Running Apache Hadoop over Lustre

A combination of the power of Hadoop and the speed of Lustre bodes well for enterprises. In this article, the author shows how Hadoop can be set up over Lustre. So those who love to play around with software, here’s your chance!

Hadoop is a large-scale, distributed, open source framework for the parallel processing of data on large clusters built out of commodity hardware. While it can be used on a single machine, its true power lies in its ability to scale to hundreds or thousands of computers, each with several processor cores. Hadoop is also designed to efficiently distribute large amounts of work across a set of machines.

Hadoop is built in two main parts—a special file system called Hadoop Distributed File System (HDFS) and the MapReduce Framework. HDFS is an optimised file system for distributed processing of very large data sets on commodity hardware. HDFS stores data on the compute nodes, providing very high aggregate bandwidth across the cluster. Hadoop implements a computational paradigm named MapReduce, by which the application is divided into many small fragments of work, which can each be executed or re-executed on any node in the cluster. Both MapReduce and the HDFS are designed so that node failures are automatically handled by the framework.

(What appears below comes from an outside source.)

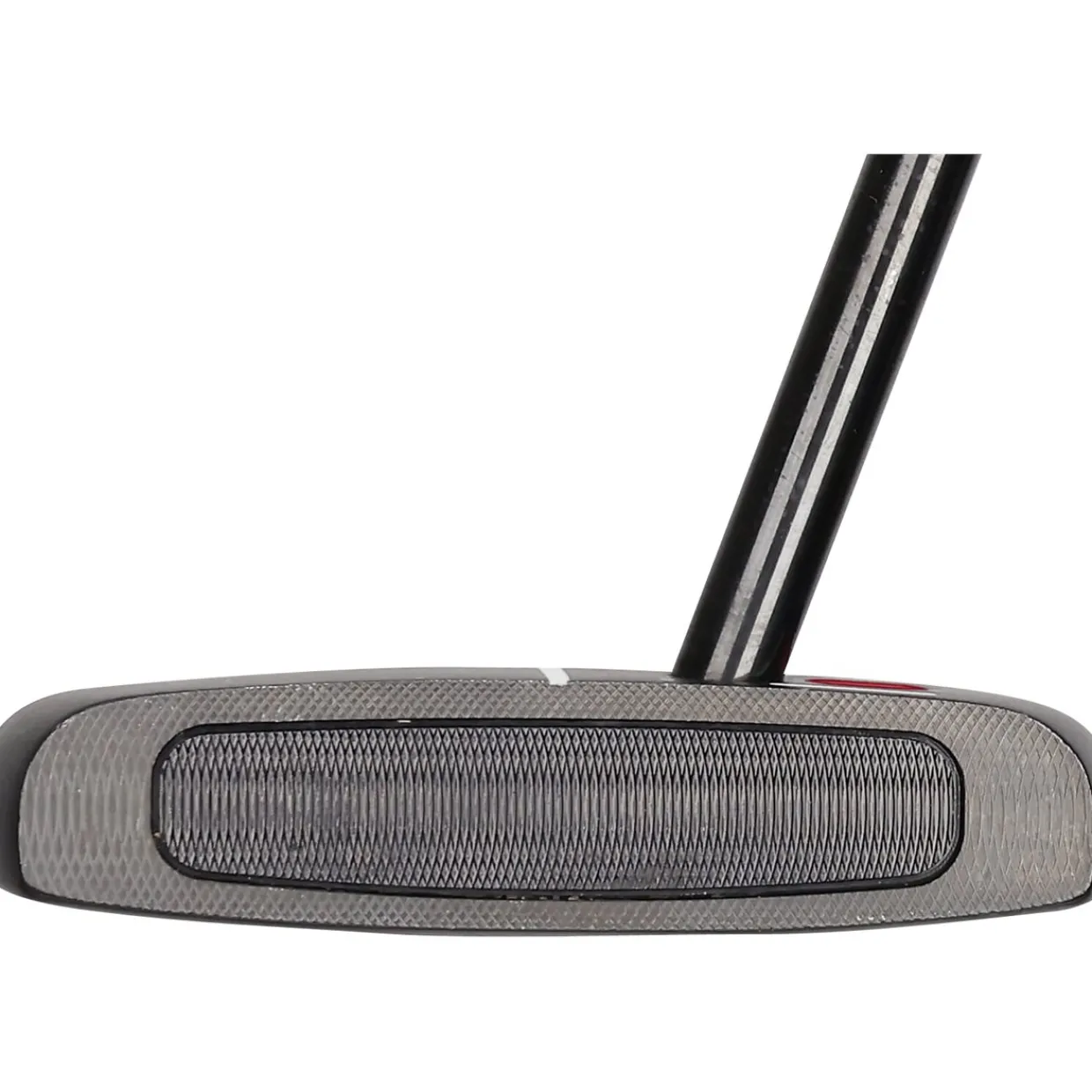See More Putters^Used Black Model T Straight Putter Golf Clubs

Hadoop runs on the master-slave architecture. An HDFS cluster consists of a single Namenode, a master server that manages the file system’s namespace and regulates access to files by clients. There are a number of DataNodes, usually one per node in a cluster. The DataNodes manage storage attached to the nodes that they run on. HDFS exposes a file system’s namespace and allows user data to be stored in files. A file is split into one or more blocks and a set of blocks are stored in DataNodes. DataNodes serve read and write requests, and perform block creation, deletion and replication upon instruction from Namenode.

table 1

Lustre, on the other hand, is an open source distributed parallel file system. It is a scalable, secure, robust and highly-available cluster file system that addresses I/O needs such as low latency and the extreme performance of large computing clusters. Lustre is basically an object-based file system. It is composed of three functional components: metadata servers (MDSs), object storage servers (OSSs) and clients. An MDS provides metadata services. It stores file system metadata such as file names, directories and permissions. The availability of the MDS is critical for file system data. In a typical configuration, there are two MDSs configured for high-availability failover. Since an MDS stores only metadata, the storage or metadata target (MDT) attached to the file system need only store hundreds of gigabytes for a multi-terabyte file system. One MDS per file system manages one MDT. Each MDT stores file metadata, such as file names, directory structures and access permissions.

Why Lustre and not HDFS?
The Hadoop Distributed File System works well for general statistical applications, but it might exhibit performance bottlenecks for complex computational applications like HPC or high performance computing-based applications that generate large, even increasing outputs. Second, HDFS is not POSIX-compliant, which means it cannot be used as a normal file system, which makes it difficult to extend. Also, HDFS has a WORM (write-once, read-many) access model, so changing even a small part of a file requires that all file data be copied, resulting in very time-intensive file modifications. Hadoop implements a computational paradigm named MapReduce, where the Reduce node uses HTTP to shuffle all related big Map Task outputs before the real task begins. This consumes a massive amount of resources and generates a lot of I/O and merge spill operation.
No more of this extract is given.